Rudi Fuchs defines realistic landscape as consisting of “the low viewpoint, the
wide spaces, the horizon, the sky, the little figures as spacial points of
reference” (Fuchs 105) – all of which are found in Esaias’s Winter Landscape in the National Gallery. But these features are
themselves a convention, because they are not the only angle from which we
could view a landscape. Esaias does not usually depict an actual location. Instead,
he takes elements from different sources - often motifs from his sketchbooks of
drawings - and blends them into a new whole. As David Freedberg says, Esaias’s
art is a mixture of “the topographic and the pictorial” (Freedberg 29). The
term “schilderagtig” (meaning painterly or picturesque) was a term of praise in
the seventeenth century (Goedde 136). In his Winter Landscape in the National Gallery, Esaias does not simply
depict a scene, he also seeks to shape our response to it. The farmhouse is old
and weather-beaten, which somehow makes it more picturesque. The countryside is
a place for leisure – the kolf players – and nobody is depicted working. The
travellers on the road are not just “spacial points of reference” but figures
we can identify with as they walk through the landscape towards the distant
village, almost as though they are on a journey through life. And as Catherine
Levesque has shown, the naturalistic depiction of Dutch scenery, both in prints
and paintings, was a way of demonstrating a patriotic pride in the beauty of
one’s homeland, which had now been liberated from Spain after a long war.

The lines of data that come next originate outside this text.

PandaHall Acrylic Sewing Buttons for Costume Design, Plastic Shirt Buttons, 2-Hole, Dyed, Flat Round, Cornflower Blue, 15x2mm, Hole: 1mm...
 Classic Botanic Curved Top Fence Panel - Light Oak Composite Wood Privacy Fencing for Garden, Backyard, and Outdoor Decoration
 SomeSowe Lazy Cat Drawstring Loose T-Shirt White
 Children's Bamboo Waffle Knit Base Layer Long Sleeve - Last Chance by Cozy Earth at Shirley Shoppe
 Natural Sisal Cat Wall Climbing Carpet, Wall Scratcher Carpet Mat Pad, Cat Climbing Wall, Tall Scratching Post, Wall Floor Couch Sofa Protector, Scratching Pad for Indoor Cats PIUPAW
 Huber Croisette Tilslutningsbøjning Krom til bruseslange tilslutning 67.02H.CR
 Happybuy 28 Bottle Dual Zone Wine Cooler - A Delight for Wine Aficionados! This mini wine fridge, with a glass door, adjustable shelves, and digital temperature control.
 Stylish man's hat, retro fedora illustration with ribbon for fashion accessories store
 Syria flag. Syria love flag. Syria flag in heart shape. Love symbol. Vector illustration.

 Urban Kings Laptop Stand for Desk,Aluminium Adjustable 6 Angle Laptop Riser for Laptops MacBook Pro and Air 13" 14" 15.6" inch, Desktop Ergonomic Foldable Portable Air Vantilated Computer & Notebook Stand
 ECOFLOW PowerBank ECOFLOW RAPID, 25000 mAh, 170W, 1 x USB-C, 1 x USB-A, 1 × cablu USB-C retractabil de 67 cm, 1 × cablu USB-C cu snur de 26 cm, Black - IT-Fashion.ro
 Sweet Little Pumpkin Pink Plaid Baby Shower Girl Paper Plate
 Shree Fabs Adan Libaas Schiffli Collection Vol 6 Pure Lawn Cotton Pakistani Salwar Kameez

The Winter Landscape’s casual, everyday, and
yet also poetic quality is reflected in Esaias’s painting technique, which is light
and sketchy, but at the same time delicate and precise. Technical analysis by
David Bomford and Melanie Gifford has revealed that the work was completed in
five rapid stages (Bomford 45-56). First, the oak panel was covered with a thin
undercoat, which was allowed to dry, and then the sky was added. Next, the
panel was covered with a detailed charcoal sketch of the landscape, which was
then painted. In the final stage, the figures were lightly added in black and
then coloured. As Melanie Gifford has shown, this was a rapid and innovatory technique
which dispensed with the elaborate layers of underpainting used by earlier
artists such as the Mannerists and the Flemings. The new realism in landscape style brought
about by artists like Esaias was accompanied by a new lightness of touch, and
“the change in style [away from earlier artistic practices] was accomplished by
deliberate changes in painting technique” (Gifford “Style and Technique” 146). A
comparison can be made with the French Impressionists, who likewise pioneered a
lighter painting technique for a new painting style. The Impressionists
dispensed with the layers of underpainting used by academic Salon painters and
replaced this with a more spontaneous method.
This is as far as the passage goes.